Chargers Could Get Pleasant Surprise

John Madden remembers the ice, Dan Pastorini the insufferable rain. Fred Taylor almost called a lawyer over it. Doug Brien lost a job because of it.

No team embraces home-field advantage like the Pittsburgh Steelers do, for better or worse -- and, for decades, they've been known for having one of the NFL's worst fields.

No matter whether it was Three Rivers Stadium's hard-as-concrete artificial surface or Heinz Field's invisible grass, this is a turf on which many fear to tread, especially in the brutal cold and whipping winds of what Steelers coach Mike Tomlin calls January football.

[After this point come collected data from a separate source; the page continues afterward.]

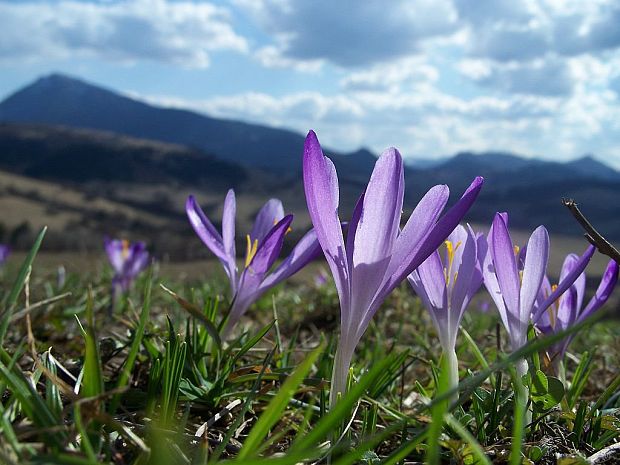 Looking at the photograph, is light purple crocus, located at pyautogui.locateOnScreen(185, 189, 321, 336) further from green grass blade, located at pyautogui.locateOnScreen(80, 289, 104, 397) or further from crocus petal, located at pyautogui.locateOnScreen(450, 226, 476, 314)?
green grass blade, located at pyautogui.locateOnScreen(80, 289, 104, 397)

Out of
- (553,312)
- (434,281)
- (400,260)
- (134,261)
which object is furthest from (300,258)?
(134,261)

There are Terrible Towels in the stands, but many a playoff fumble or interception has been blamed on Pittsburgh's terrible turf. A year ago, Jaguars running back Taylor called the chewed-up, mushy and pockmarked field "a lawsuit waiting to happen." NFL players voted it the league's worst, perhaps because the Steelers own the NFL's best home-field record since 1970.

That's why the San Diego Chargers may be in for a pleasant surprise during Sunday's AFC divisional playoff game, because this won't be the same field on which they played their 11-10 loss to the Steelers on Nov. 16.

Soon after that, the Steelers put down a brand-new grass field. Only three games have been played on it in seven weeks, and the grass was thick and unmarked for the Steelers' 31-0 win over Cleveland on Dec. 28.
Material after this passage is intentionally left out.